━━━ Data in this exercise ━━━

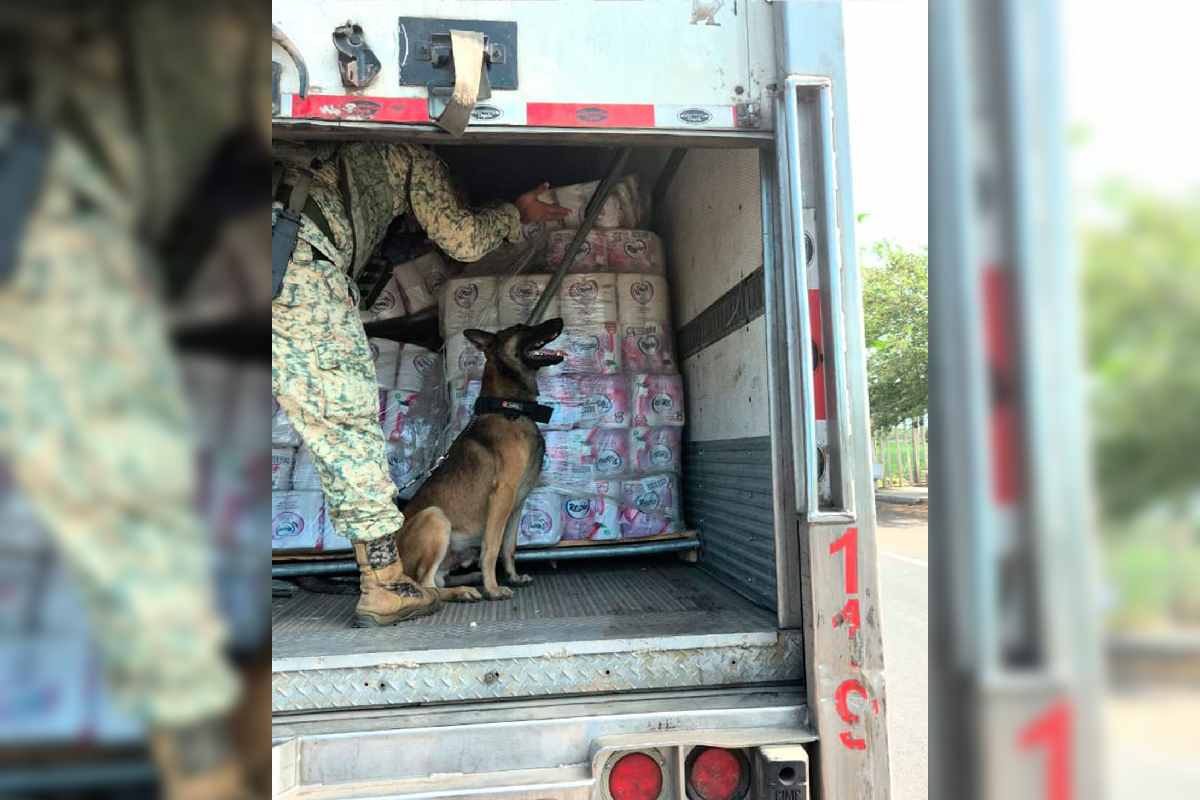 Operativo federal en Colima deja cuatro detenidos y el decomiso de 60 kilos de cocaína ocultos en un tractocamión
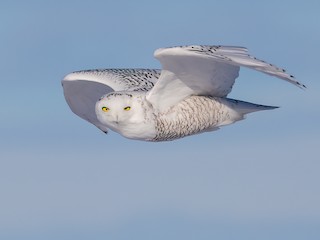  - Snowy Owl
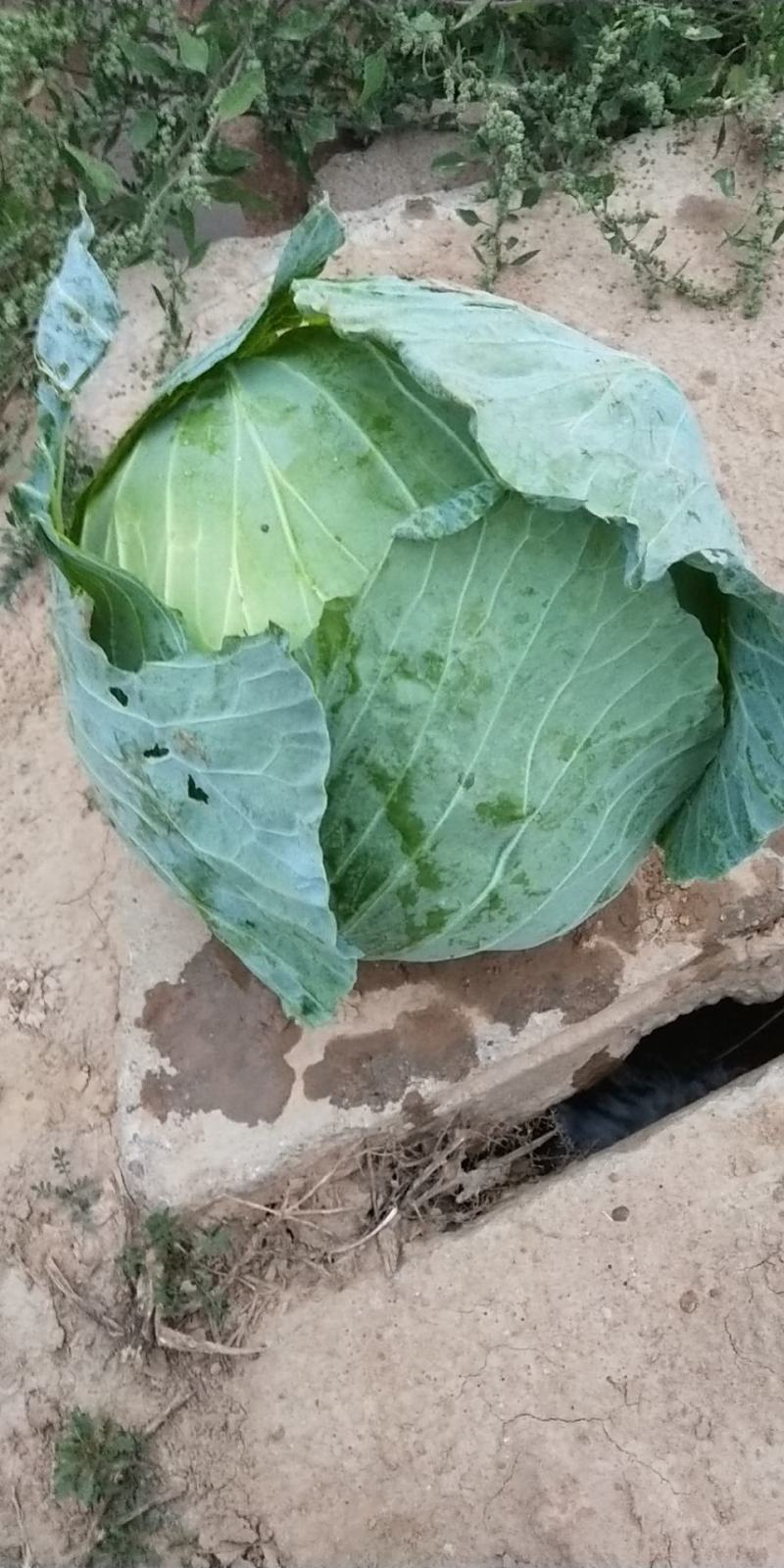 双龙三号包菜(扁圆型’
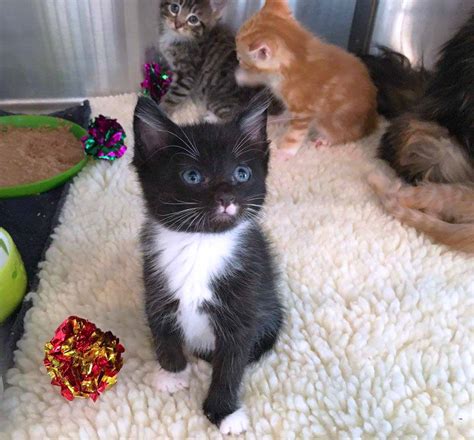 Want to foster cats or kittens in your home? It's Raining Kittens! Foster a Kitten • Kitten Rescue
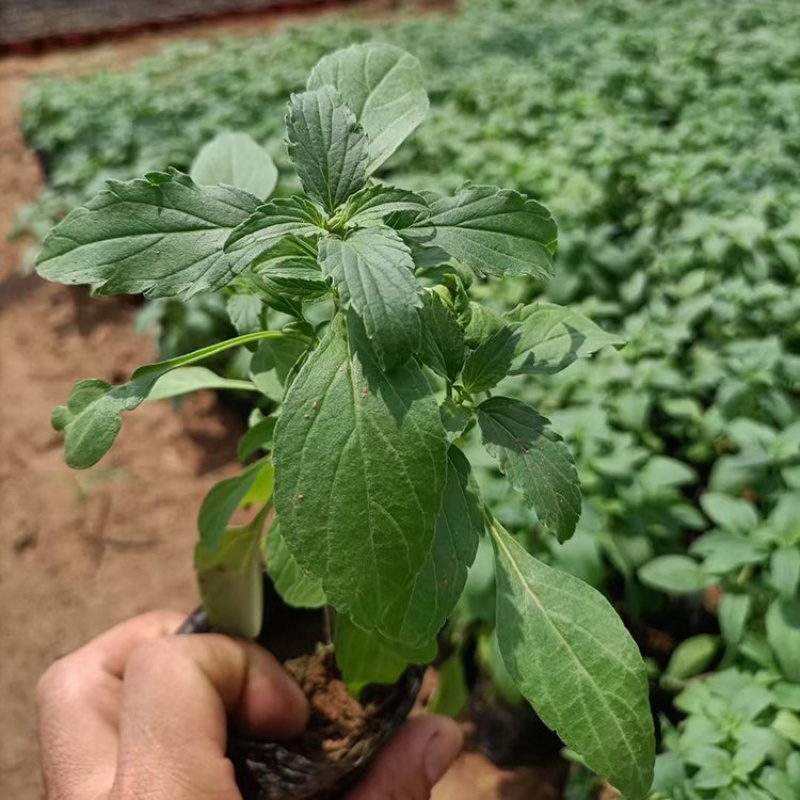草花鼠尾草，精品苗，一手货源，产地直发，大量供应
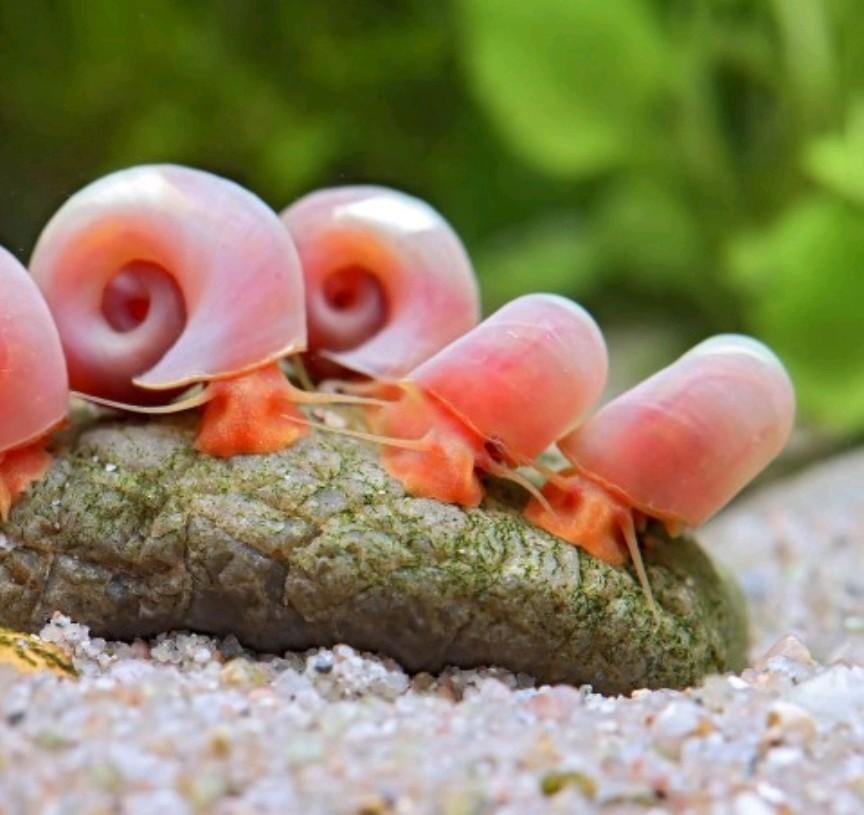 Roze posthoornslakken, Dieren en Toebehoren, Ophalen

━━━

Omit every picture, and otherwise quote the entries exactly.

 Operativo federal en Colima deja cuatro detenidos y el decomiso de 60 kilos de cocaína ocultos en un tractocamión
  - Snowy Owl
 双龙三号包菜(扁圆型’
 Want to foster cats or kittens in your home? It's Raining Kittens! Foster a Kitten • Kitten Rescue
草花鼠尾草，精品苗，一手货源，产地直发，大量供应
 Roze posthoornslakken, Dieren en Toebehoren, Ophalen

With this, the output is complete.